My Darling B picked up a copy of 1,000 Places To See Before You Die: A Traveller’s Life List, by Patricia Schultz.  I’m assuming Ms. Schultz means these are places you must see before you die because she considers them unmissable, and not merely rando places to see at some time before you die, the distinction being, to a literalist such as myself, that the list of places to see after you die would be, literally, a blank page.  Unless you’re a believer, in which case you would have a list of 1 Place To See After You Die, the place being whatever version of heaven or hell you subscribe to.  I’m trying to be all-inclusive here.  Work with me.

The list of must-see places includes such exotic-sounding places as The Tasman Glacier, Canyon de Chelly, Kilimanjaro, the Island of Rhodes, and the Mesa Verde cliff dwellings.  Thumbing through the 970 pages of the paperback copy that B picked up, I noticed it was organized by nation, and that each of the United States was featured, so I flipped ahead until I found Wisconsin to see what Ms. Schultz considered to be the must-see places of our fair state.  Here’s what she said you absolutely must see in Wisconsin before you die:

The Apostle Islands.  Okay.  Yes.  I’ve never been, but I have seen the Lake Superior shore from nearby Ashland, and it was quite a scenic wonder.  I easily believe that Ms. Schultz considered this chain of islands off the shore of Bayfield to be a treat.

Her second pick of places to die for in Wisconsin was Canoe Bay, a swanky vacation retreat in Chetek where a night in a double room will set you back a week’s pay in the off season.  Ms. Shultz’s writeup highlights the seclusion, the nature trails, and the breakfasts in bed, and I’m sure it’s very nice, but honestly I can’t help thinking there are lots of places in Wisconsin, or really anywhere in the United States, where you could enjoy the hedonistic pleasures of a retreat like this one.  And really, is a resort with room service and a wine cellar something you would consider a place you have to see before you die?  I’m not saying I wouldn’t want to visit Canoe Bay, I’m just saying that maybe there are more scenic vistas to feast your eyes on in Wisconsin.

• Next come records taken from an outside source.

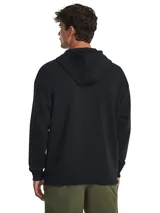 Buzo negro con capucha de la colección Project Rock de Under Armour. Tiene un logo pequeño con el toro característico de la marca en el pecho y un bolsillo tipo canguro en la parte delantera.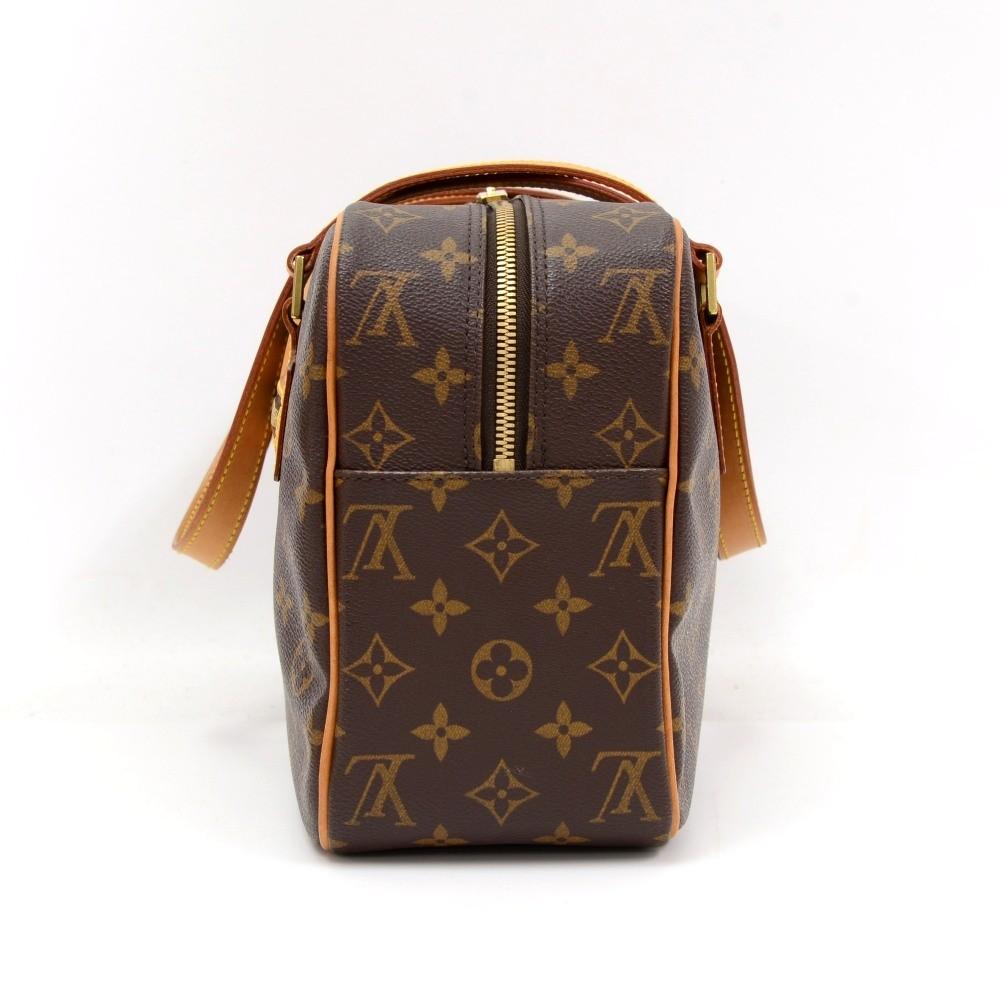 Louis Vuitto Cite GM Shoulder Bag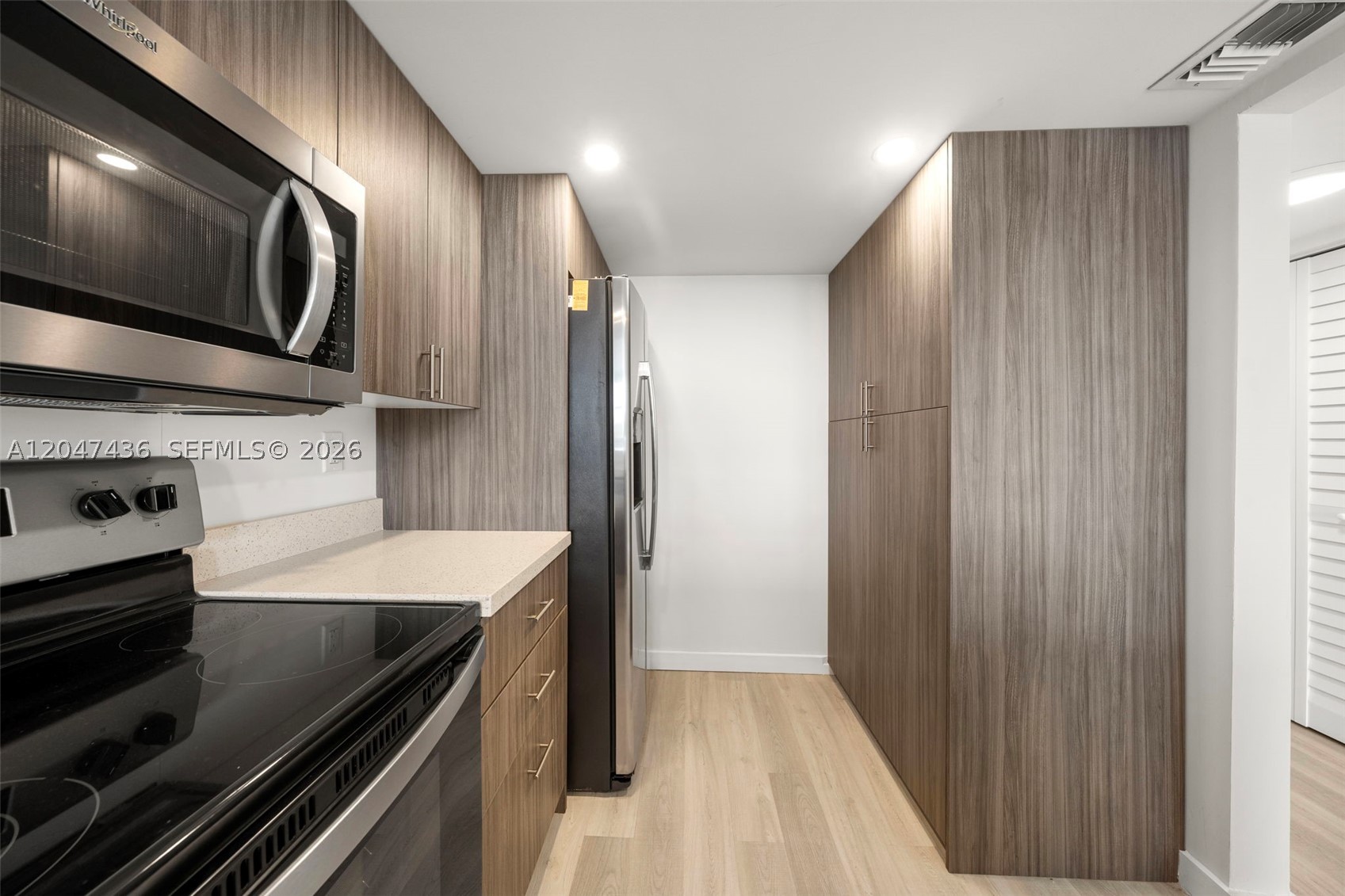 CLUB ATLANTIS CONDO - Residential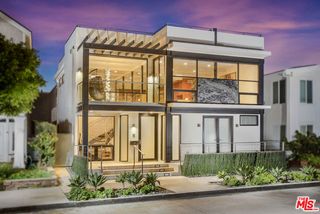 2105 E Balboa Boulevard, Newport Beach, CA 92661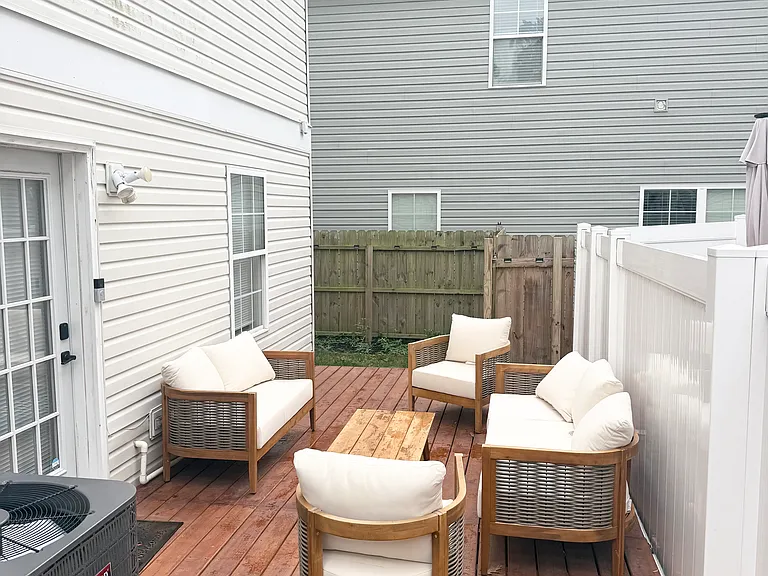 1522 Parks Ave — Photo 16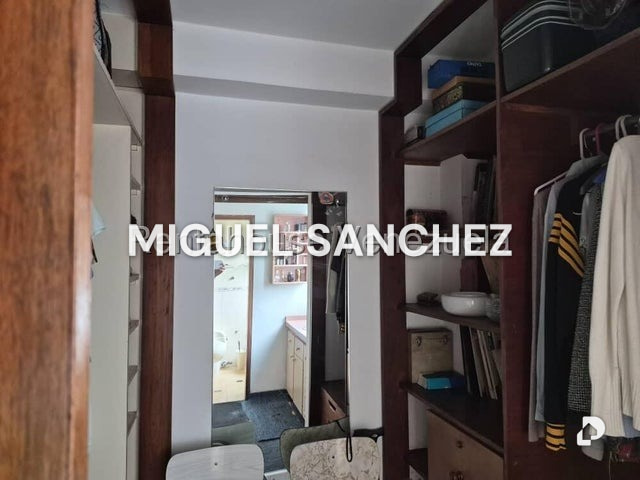 Apartamento en Santa Paula, Caracas – 28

Then there’s Ms. Schultz’s third place she thought you had to see in Wisconsin before you die: The American Club, a “mega-golf complex” in Kohler.  A golf course.  Wait:  Not just one, but two golf courses, crammed into one resort.  You have to see this golf course.  Before you die.  Because your life would not be complete without seeing this … golf course.  I don’t know what I hate more: The idea that anyone would think they had to see a golf course before they died, or the idea that someone would tell me I had to visit a golf course before I died, lest my life feel empty and awful.

Washington Island is something you have to see before you die.  Any part of Door County is a must-see destination in Wisconsin.  The Chequamegon forest.  The Chain O’ Lakes or the Wisconsin Dells.  There are a hundred and one places in Wisconsin I would recommend that you see in Wisconsin, even if you weren’t about to die, before I would tell you that you absolutely must see a golf course.  Unless you’re one of those people for whom golf is your whole life.  And I’m not making a judgment about that; you do you.  See the golf course, if golf is your life.  But if seeing the wonders of the world is your life, any cheesehead could recommend better sights to see in Wisconsin than a golf course.  Just ask one.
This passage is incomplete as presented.